Job snobbery in the UK is hampering efforts to fill skills shortages and boost productivity, according to a new report.
A poll of 2,500 people by The Work Foundation, commissioned for the report, finds the views of peers have an enormous impact on people’s choice of work.
Half the respondents under 30 said they were influenced by the views of family and friends when it came to choosing where they worked. Asked if they would take a job with good career prospects in the quick-service restaurant sector, two-thirds said no.
The Work Foundation's report shows that jobs in the service sector boast some of the most innovative training programmes in the UK today, but are often much maligned. It says jobs in the sector are providing communication and teamwork skills that the country is crying out for.

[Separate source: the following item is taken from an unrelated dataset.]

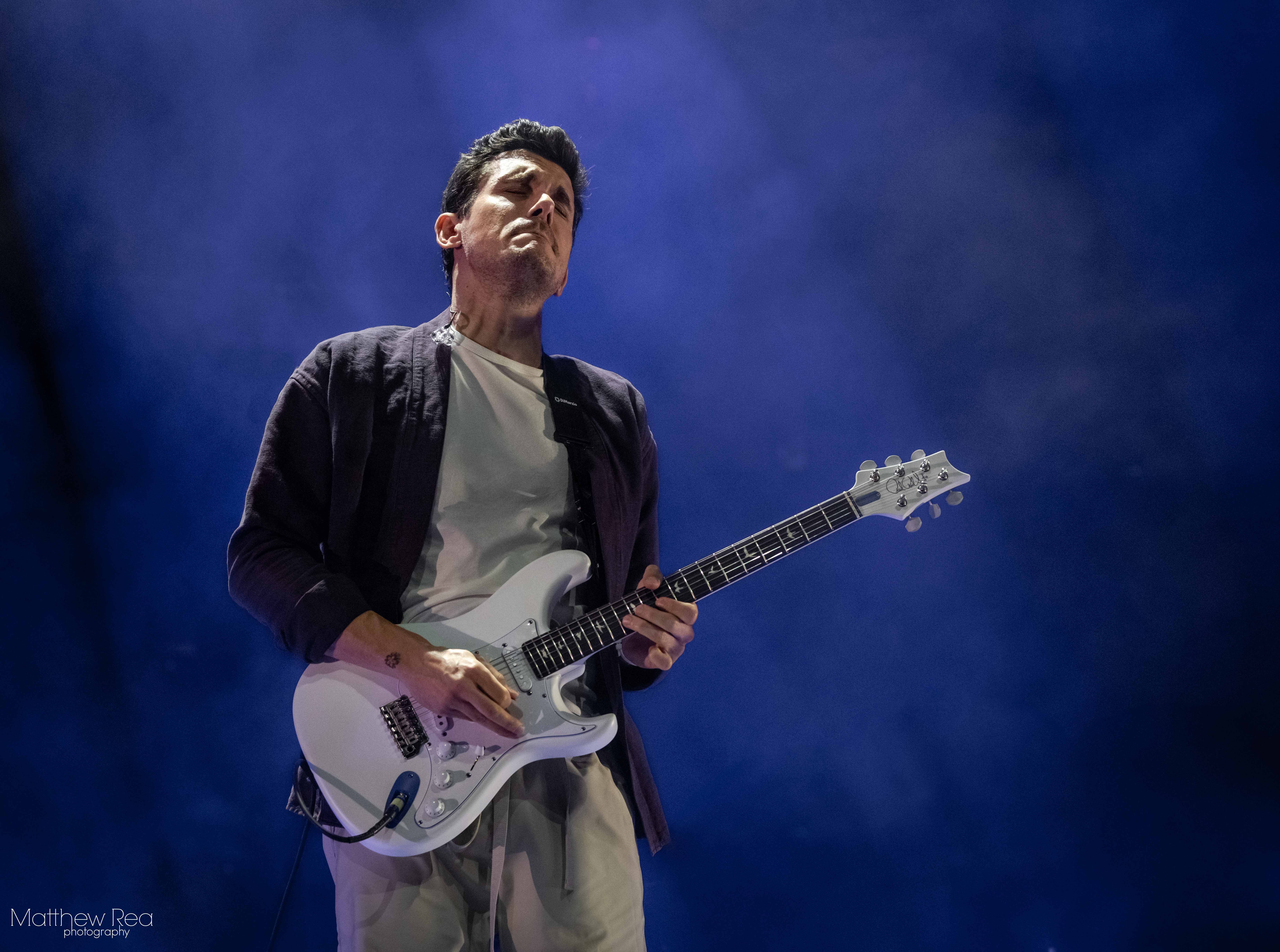 john mayer madison square garden 0021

The report also warns that failure to take notice of the career progression and social mobility engendered by service sector employers could damage attempts to raise productivity.

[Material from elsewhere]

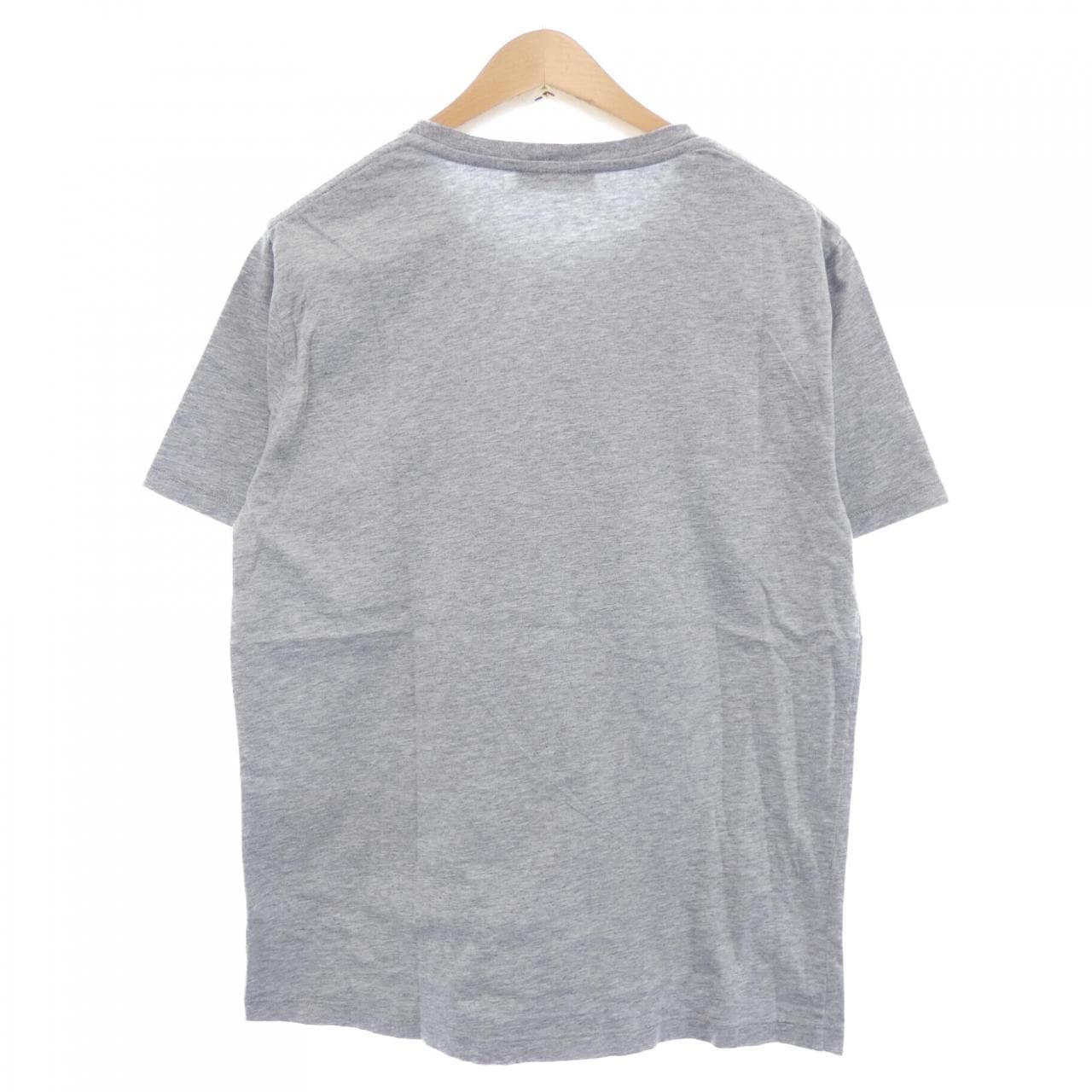 エトロ ETRO Tシャツ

Andy Westwood, head of policy research and author of Are we being served? Career mobility and skills in the UK workforce, said employers such as McDonald’s and Asda dig into some of the country’s most difficult and marginalised labour markets, but simultaneously boast some of the most far-reaching development programmes.

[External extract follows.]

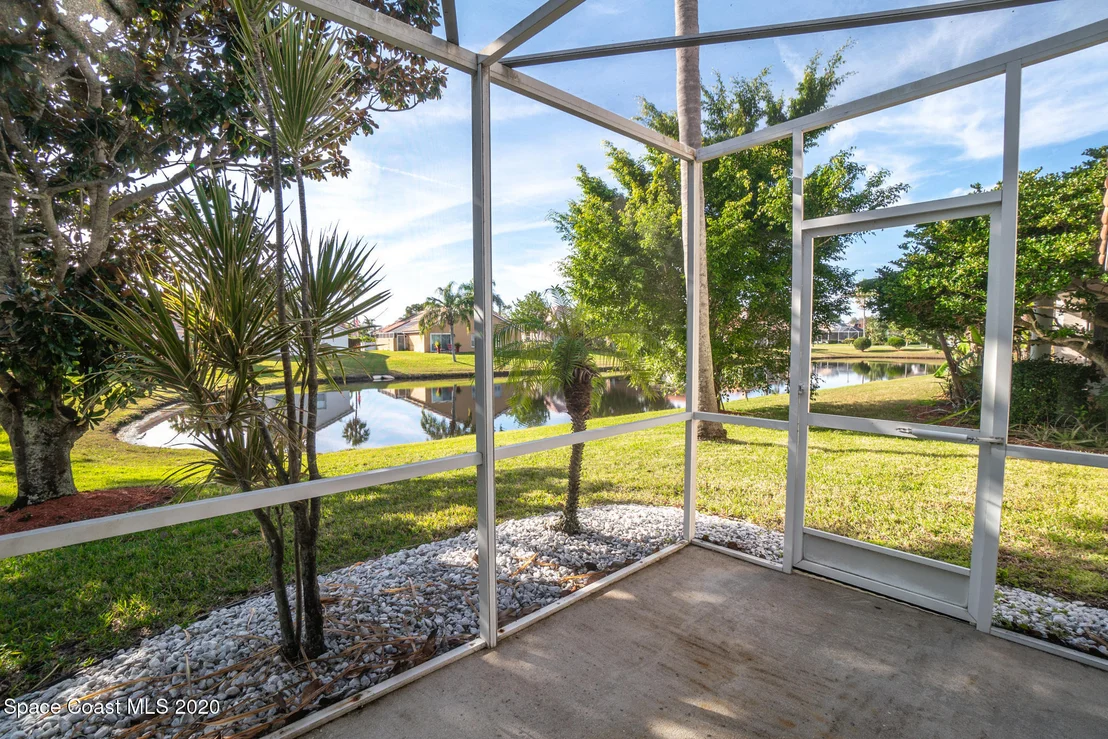 Photo of 473 Carmel Drive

“The UK seems to have a blind spot towards these leaders who take vast numbers of people from little or no skills to high skills,” he said. “These organisations emphatically do not offer the dead end jobs so often associated with the service sector. In fact, they are bucking our increasingly poor trends in economic and social mobility.
“On the eve of the Government’s Skills Strategy, it is clear that we can all learn from the way the service sector approaches training and development. The value of these skills and their training programmes is high. If we continue undermining them, the battle to narrow the UK’s productivity gap will become much harder.”